Mi ritrovo ad osservare il cielo sdraiata sul prato di Bryant Park, le nuvolette bianche si muovono lentamente sospinte da un leggero vento, i bambini giocano a palla sotto il tiepido sole di fine settembre mentre le mamme sedute su una panchina sono intente a spettegolare su qualche collega di lavoro.
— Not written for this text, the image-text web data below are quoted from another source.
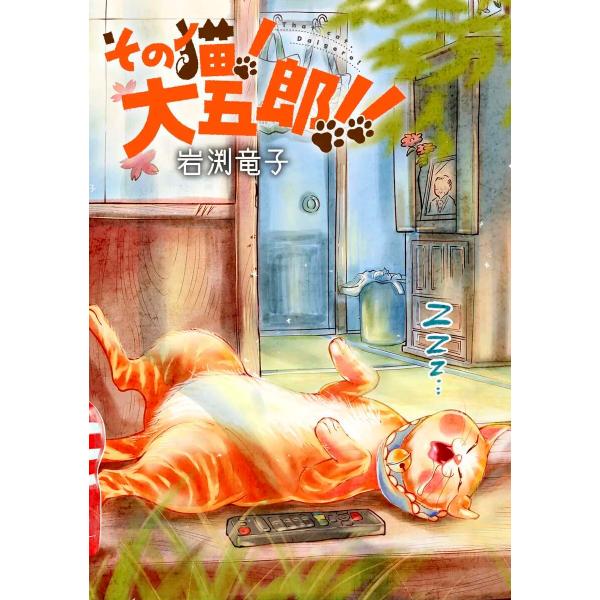 その猫!大五郎!!【単話版】 第30話 レッサーパンダと猫(4) 電子書籍版 / 著:岩渕竜子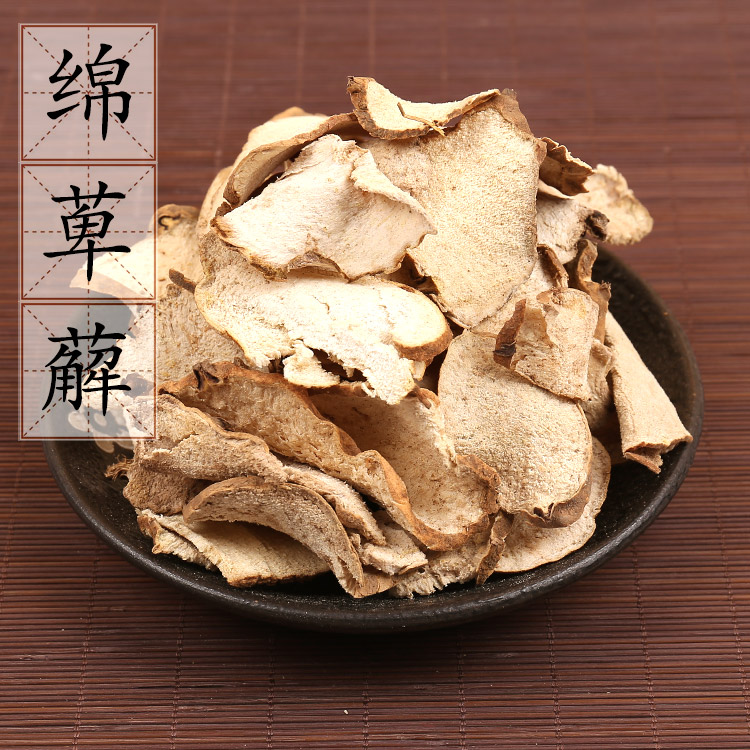 绵萆薢500克 畚箕斗 中药材供应 山畚箕 狗粪棵 大萆薢 2件包邮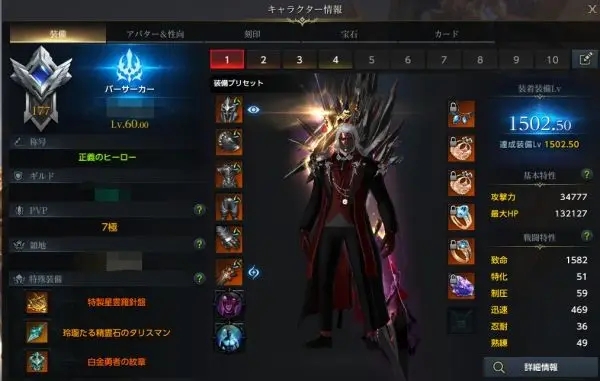 失落的方舟装备品质怎么升级3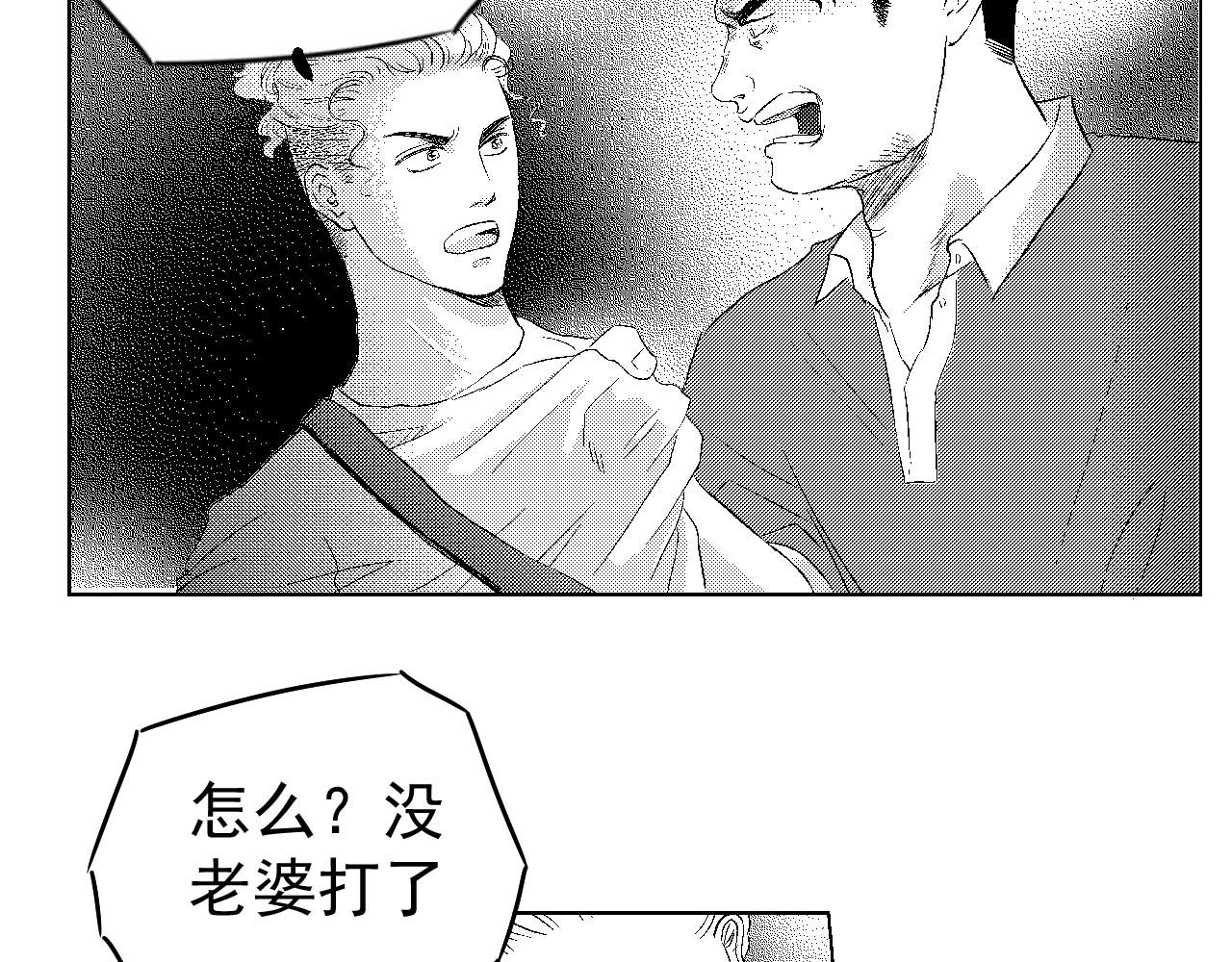 楼上楼下 3-2  谢什么  傻瓜 第77页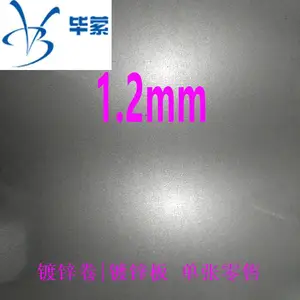 1.2mm��ֶ�п�� 180��п���п DX51D+Z ��п����ֶ�п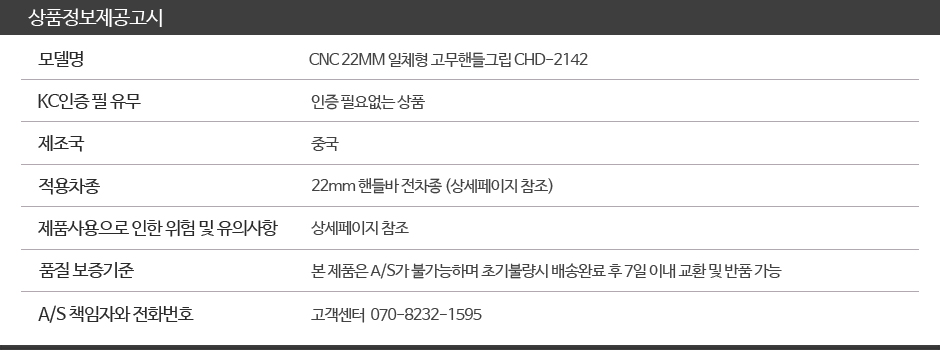 상품정보제공고시.jpg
La mia attenzione si posa prima sulla voce della donna seduta al centro, bionda con un filo di trucco ed un vestitino a fiori.

"Secondo me ci è uscita" afferma con sicurezza.

"Ma chi? Sarah?" domanda la donna sulla sinistra. Lei è leggermente più giovane delle altre, lo si capisce dal suo modo di vestire, indossa una semplice t-shirt e dei jeans.

"Lo sapevo!" afferma con forza la donna sulla destra alzandosi in piedi e battendo il suo tacco 15 sulla ghiaia. Quest'ultima è vestita di tutto punto, tailleur e tacchi, decisamente la più grande del trio. Tutta la scena mi fa sorgere un mezzo sorriso sulle labbra, erano davvero divertenti.  Se avessi avuto un bambino lo avrei portato qui solo per parlare con loro, forse.